If I had wanted to be rude I would have persisted and pointed out that Rhizobium causes an infection which result in nodules on the roots of clover and other legumes. The bacteria not only get sugars in return for the favor of giving the plants a form of nitrogen that they can use, but from clover and other legumes, Rhizobium bacteria get leghaemoglobins which binds to oxygen, facilitating cellular respiration. Resembling our hemoglobin, leghaemoglobin at the same time prevents excess oxygen from severely slowing down the enzyme (nitrogenase) that the bacteria use to convert relatively inert atmospheric nitrogen to ammonium ion. For over 100 years some scientists have dreamed of inducing such a partnership in other plants, but they have failed to replicate or induce such a complex association.

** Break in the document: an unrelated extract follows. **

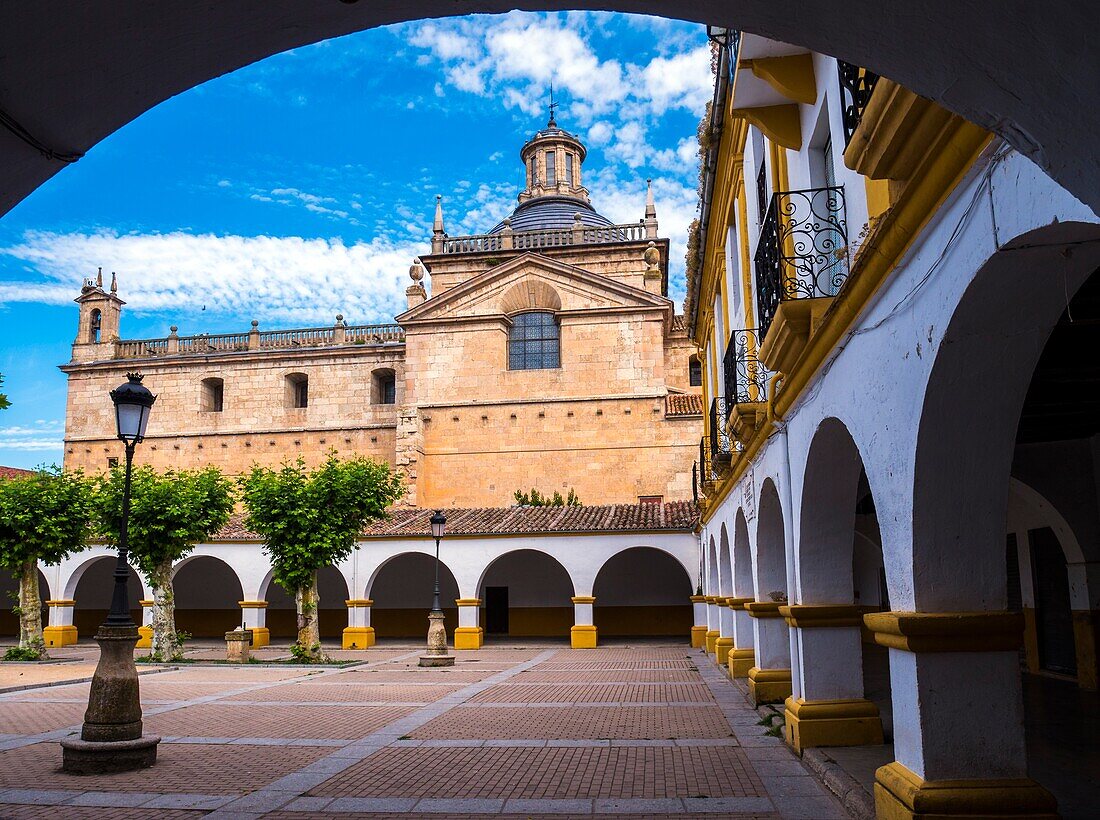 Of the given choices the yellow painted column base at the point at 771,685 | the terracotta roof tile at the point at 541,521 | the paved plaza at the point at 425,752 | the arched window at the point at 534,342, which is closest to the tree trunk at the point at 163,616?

On the left we see clover roots infected with Rhizobium. The nodules are shaped like ends of Q-tips. On the right a nodule has been dissected to reveal the reddish color of the oxygen-carrying pigment, leghemoglobin. Source: sciencelearn.org.nz/resources/966-the-role-of-clover

Meanwhile, a few years ago, soy leghemoglobin was approved as a color additive, a definitely silly idea. Committed to not eating mammals, why would I— or a vegetarian —want to be reminded of blood while eating a soy product? On a more important note, I learned recently that bacteria known as Rhizobium leguminosarum are too diverse genetically to be considered a single species. It should not come as a shock because— what were the chances that no speciation occurred in bacteria, given that their symbiotic partners, the legume family, consist of 765 known genera and almost 20 000 species that are distributed throughout the world?